No efficiency in the Australian health system

| September 24, 2015

A third of treatments listed on the Medicare Benefits Schedule is potentially wasteful or outdated. Neil Batt says we need to provide fairness in our health system and empower the consumer.

A report released by Bruce Robinson, the Dean of the Sydney Medical School and the man chosen to lead the Medicare Review, states that a quarter of the services listed on the medical Benefits Schedule do not appear to be supported by evidence while about 30 per cent of all healthcare treatments would be of little benefit to patients.

It is clearly evident that the health system in Australia is wasteful.

It is nonsense to listen to the proposal to increase the GST in order to provide for the increased cost of health when it is clear that sufficient money is already being provided but is being wasted.

And this being true the question has to be asked of what value is the existence of the enormous health bureaucracy and the whole of the academic and professional health organisations when they have failed to discover this waste. There is a Productivity Commission but it is blind in this area of inefficiency and waste. As for the expensive Commonwealth Health Department, it should be simply abolished.
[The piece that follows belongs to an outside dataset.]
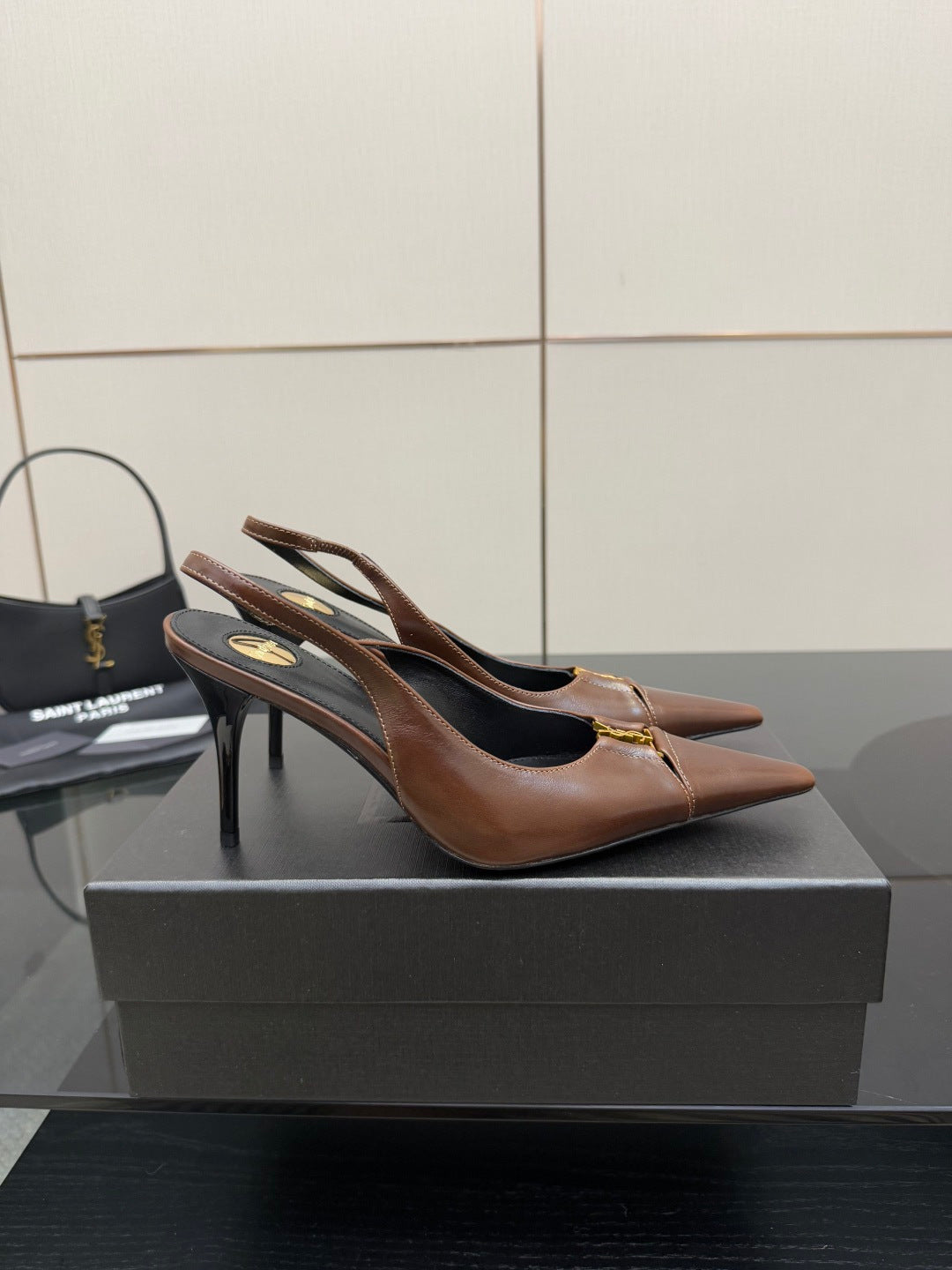 YSL ladies pointed-toe slingback heels, brown with black lining, angled view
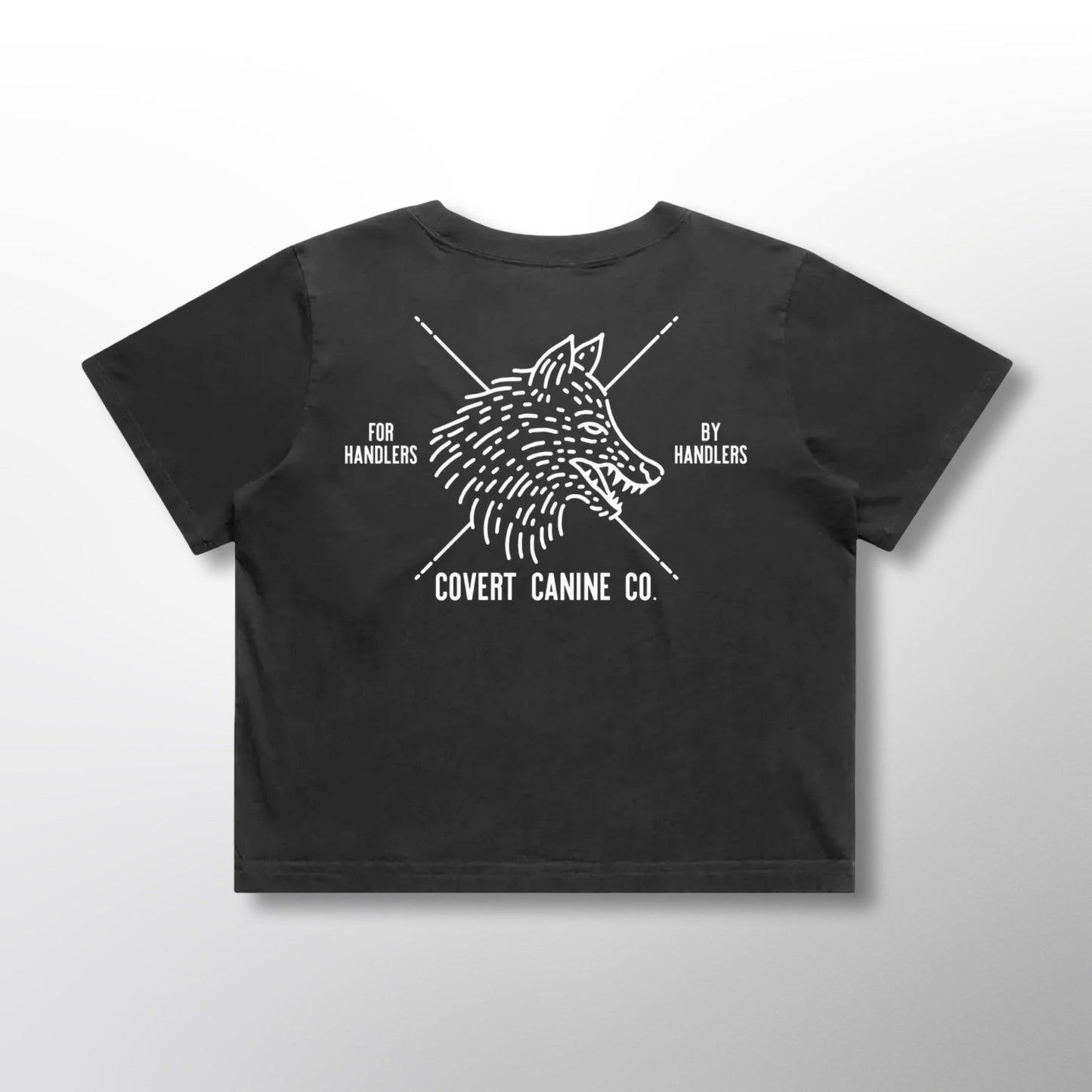Back of black crop top with white Covert Canine Co. logo and text on a light gray background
There is no driver of efficiency in the whole health system. If we were to start from a commitment to simple efficiency, there would be no State Health Departments; they add nothing. It is also time to explore the privatisation or at least corporatisation of the presently state owned and state run public hospitals. They currently exist for the providers not the customer.

It is clearly important to provide fairness in the health system. The Bennett Report offered an alternative based on the Dutch system of universal health insurance with the rich being penalised and the poor being subsidised into the system. It may not be the answer but it is a comment on the rigid nature of the Australian health system that it is not even being debated.

The advantage it offers is that the customer is given purchasing power and autonomy. It is surely not heresy to contemplate the usefulness of the market operating in health, providing there are safeguards it has been shown to have worked in other areas of economic life. It would be worthwhile to explore the possibility of empowering the consumer and putting the consumer at the centre of the health system.